Entre este ser y Elisa se establece una relación antes empática que amorosa, porque Del Toro convierte su comunicación más en una declaración de aceptación al diferente y de compasión (en tiempos de Trump) que en los prolegómenos de un noviazgo, solo al final esbozado. El agua, en la que al principio Elisa disfruta a solas al bañarse cada mañana, es el escenario de sus encuentros, el medio donde estos dos rechazados encuentran la relajación y la oportunidad de sentirse queridos frente a un entorno (terreno) que o los rechaza o se aprovecha de ellos. Sus encuentros primeros y la ilusión de los dos están genialmente abordados; la cercanía mayor resulta, después, más fría.
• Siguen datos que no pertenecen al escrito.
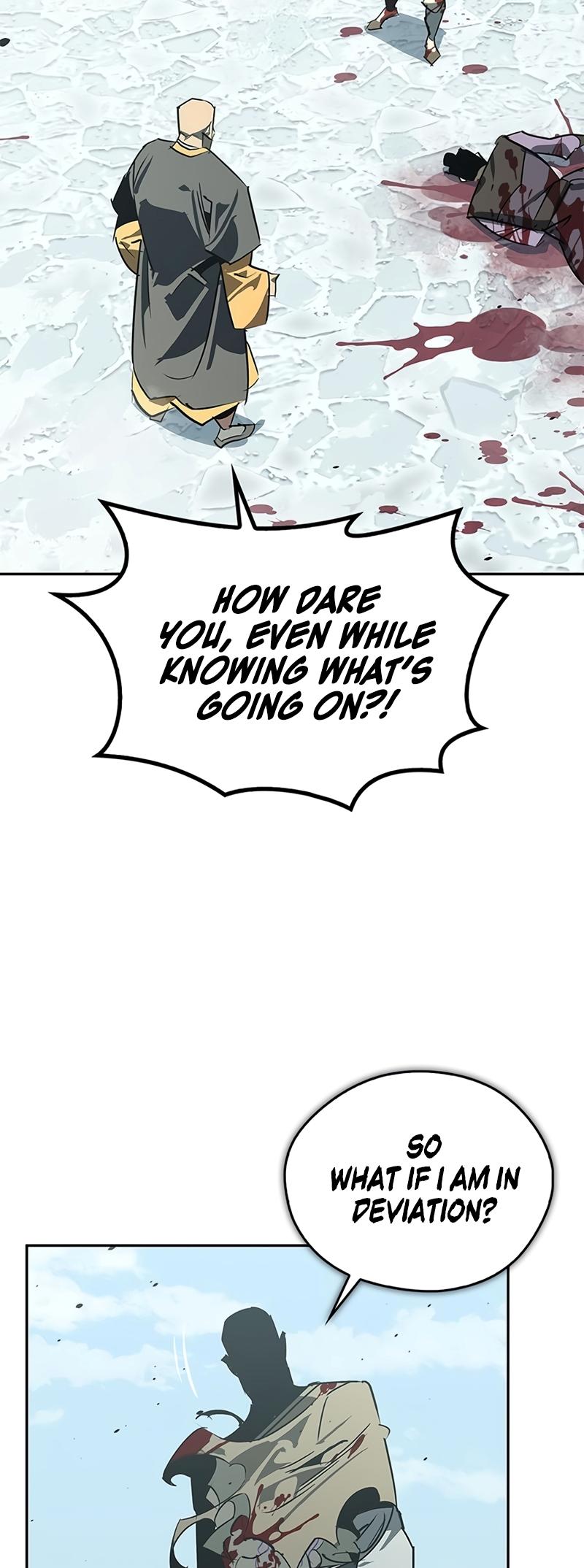 Martial Wild West Chap 43 - Next Chap 44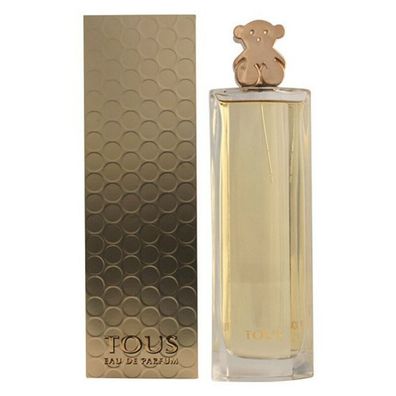 Damenparfüm Tous Q-CZ-303-90-HTG-anniek EDP EDP 90 ml Default Title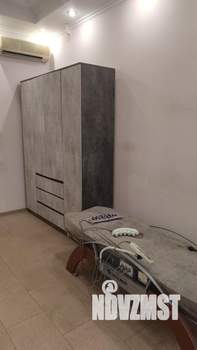 2-к квартира, посуточно, 70м2, 1/2 этаж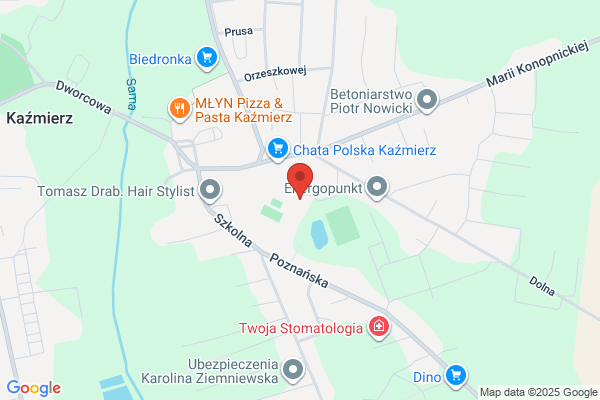 Szkola Podstawowa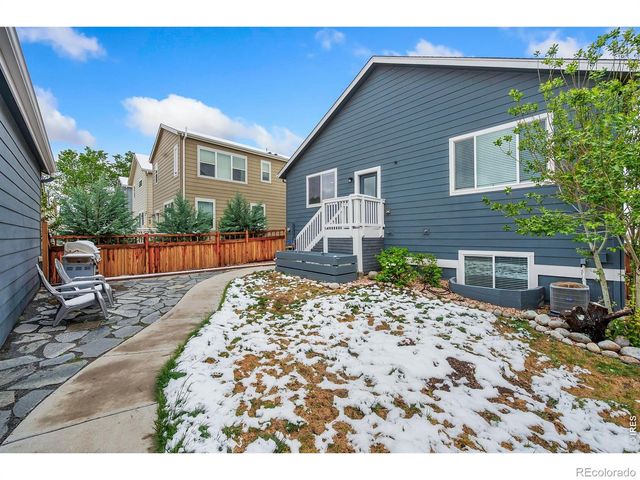 4697 Crestone Peak Street, Brighton, CO 80601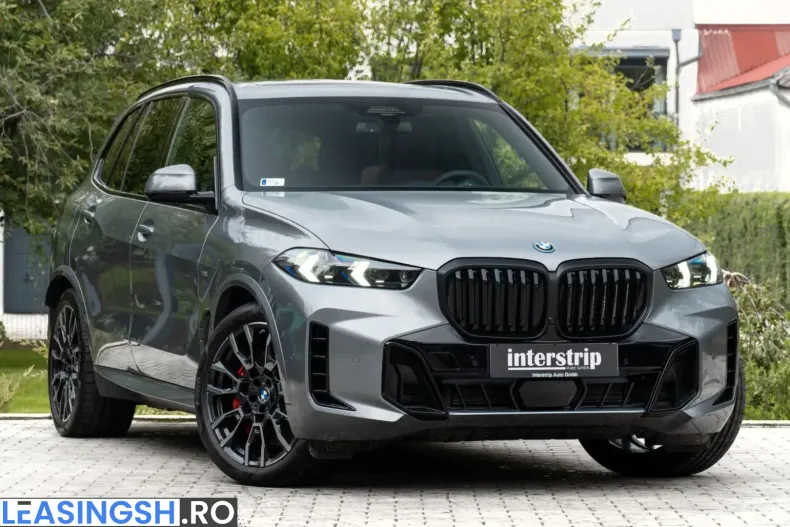 BMW X5 (Seria X) din 2025 cu 23.600 km - oferta BMW247133 - foto 3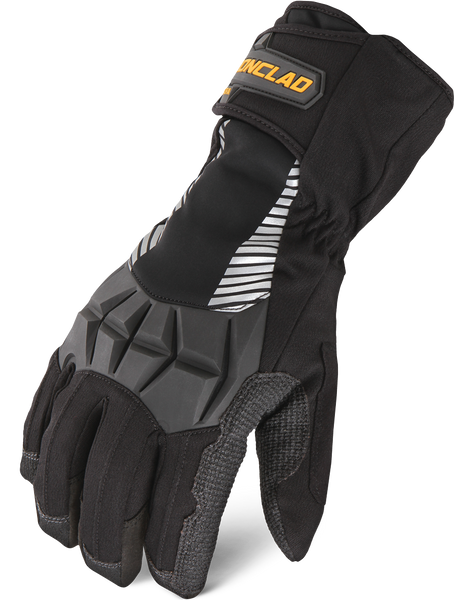 XS - Tundra 2, Cct2-01-XS, Ironclad Cold Condition Gloves, Qty 6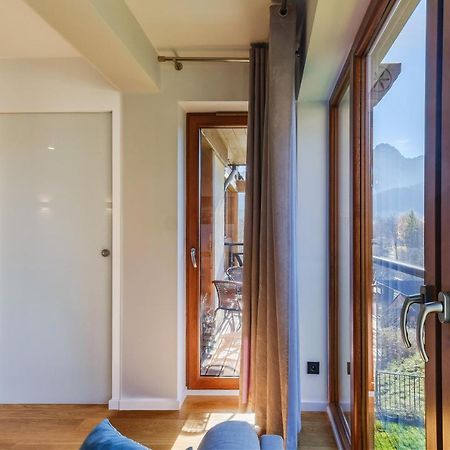 Szymaszkowa 3 By Homeprime Zakopane Exteriér fotografie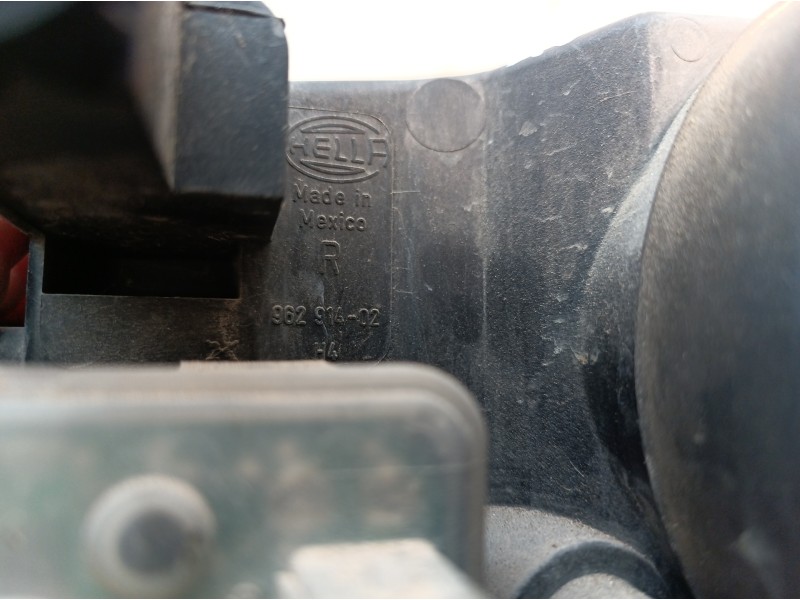 Recambio de faro derecho para chrysler stratus cabrio (jx) 2.0 le referencia OEM IAM 96291402 96291402 96291402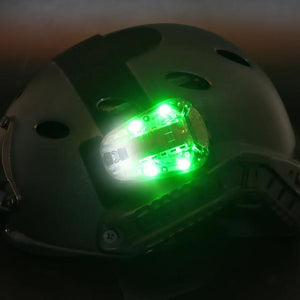 Nuprol Helmet ID light Green NPH105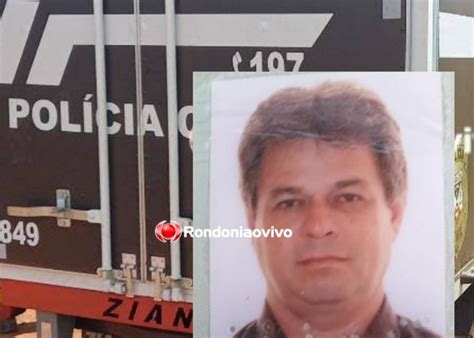 LAMENTÁVEL Caminhoneiro é encontrado morto dentro de carreta em posto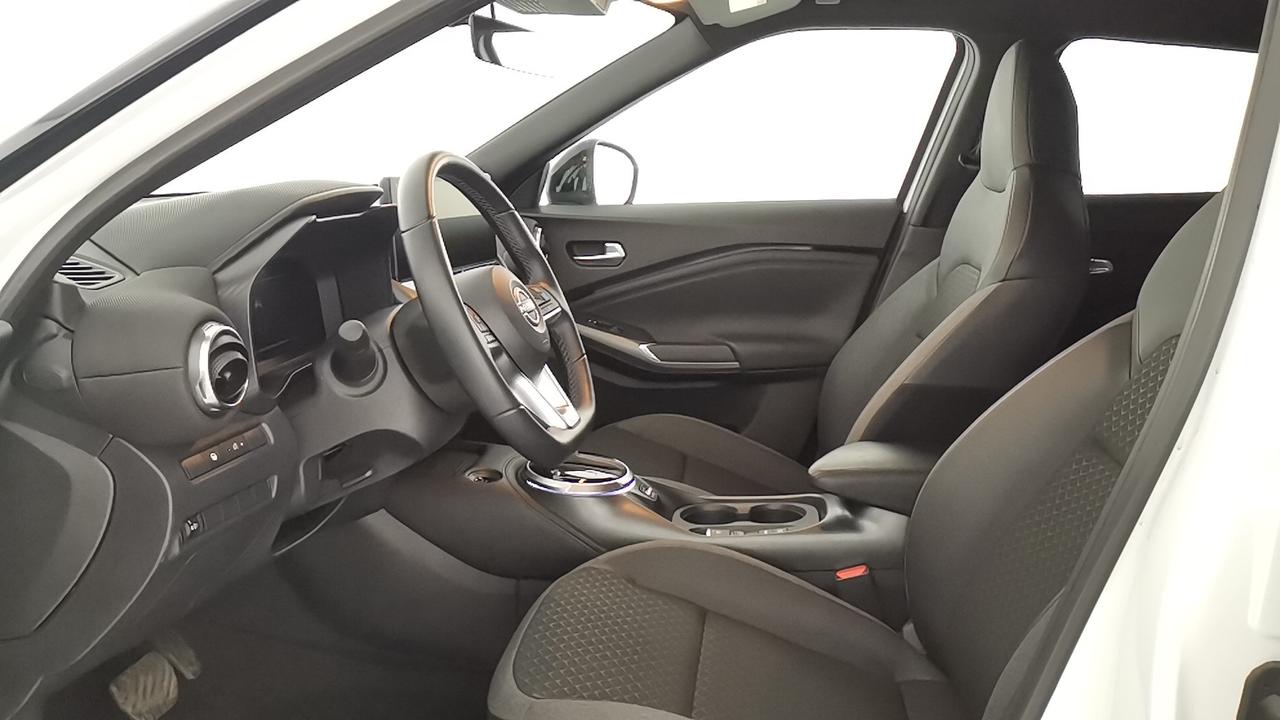 NISSAN Juke II 2024 - Juke 1.6 hev N-Design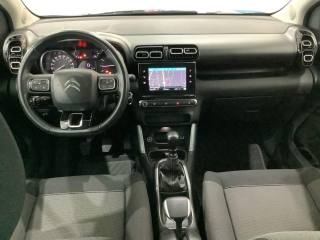 CITROEN C3 Aircross usata, con Chiusura centralizzata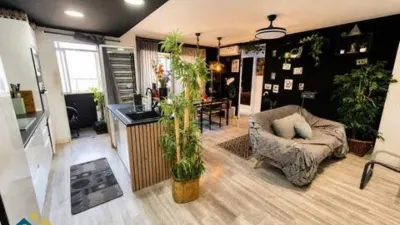 Apartment in Orcasitas photo 6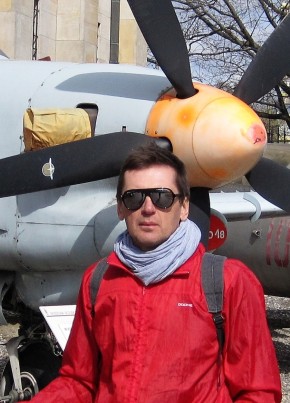 Сергей , 52, Россия, Екатеринбург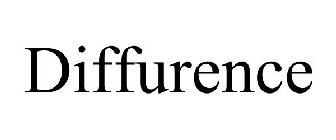 DIFFURENCE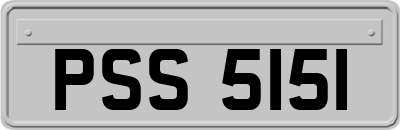 PSS5151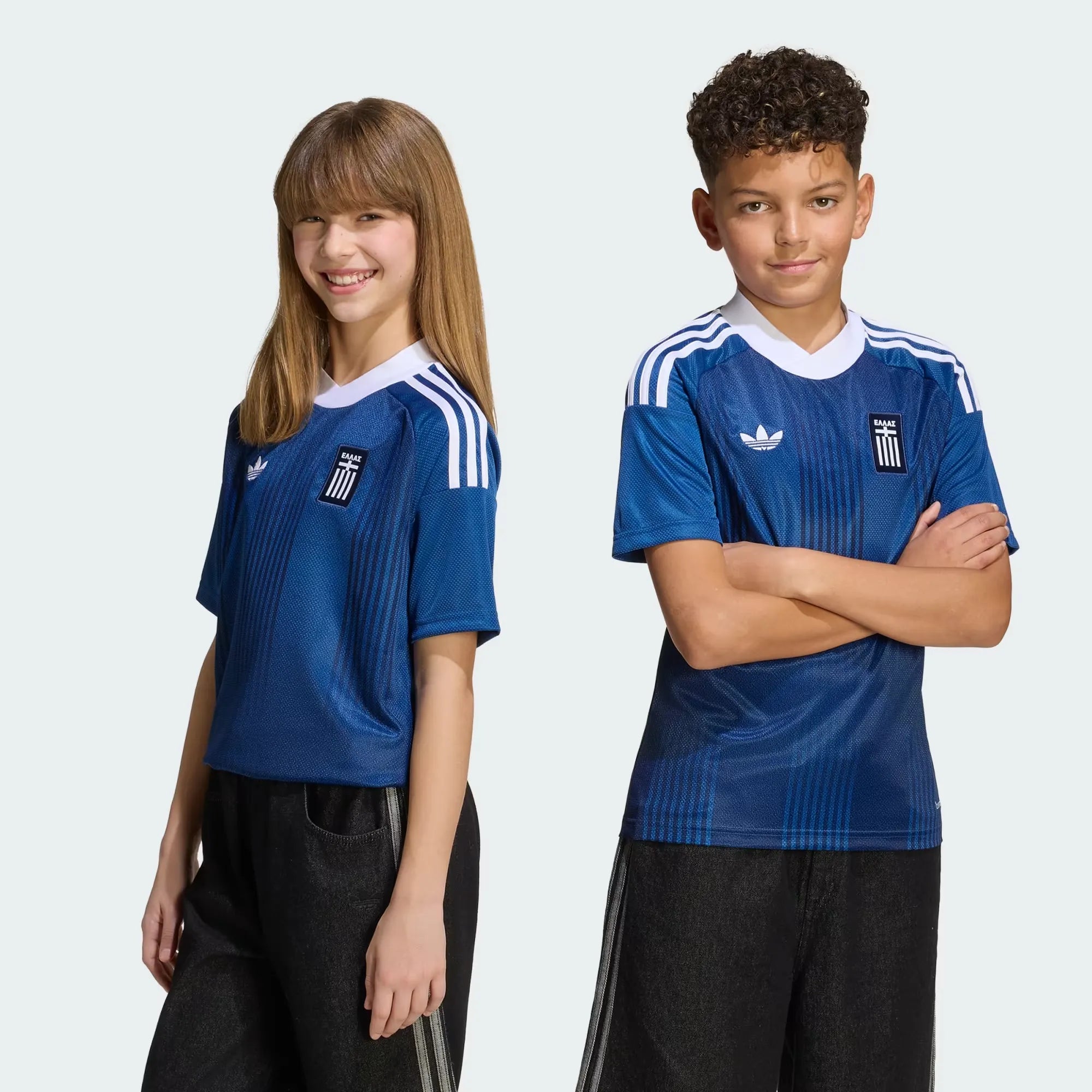Kids Chelsea 25/26 Dritter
Como siempre en el cine tan reconocible de Del Toro, los efectos especiales están estupendamente conseguidos y favorecen, no que el espectador se distancie de la trama al no sentirla íntima, sino muy contrario, la emoción y el embeleso: le ayudan a participar de la magia.

Son muchos los lugares comunes y obviamente no estamos ante una historia veraz, sino metafórica: no se pretende otra cosa que hacernos formar parte de una fábula en la que a ratos compartimos inocencia con Elisa y, en otros, se nos exige pensamiento adulto y maduro. También se nos coloca ante figuras que no parecen reunir ninguna condición necesaria para ser felices, pero lo son, y se nos transmiten sensaciones conmovedoras sobre el poder de las buenas compañías. No hay originalidad, sí disfrute y llamadas de atención sobre la necesidad de compasión.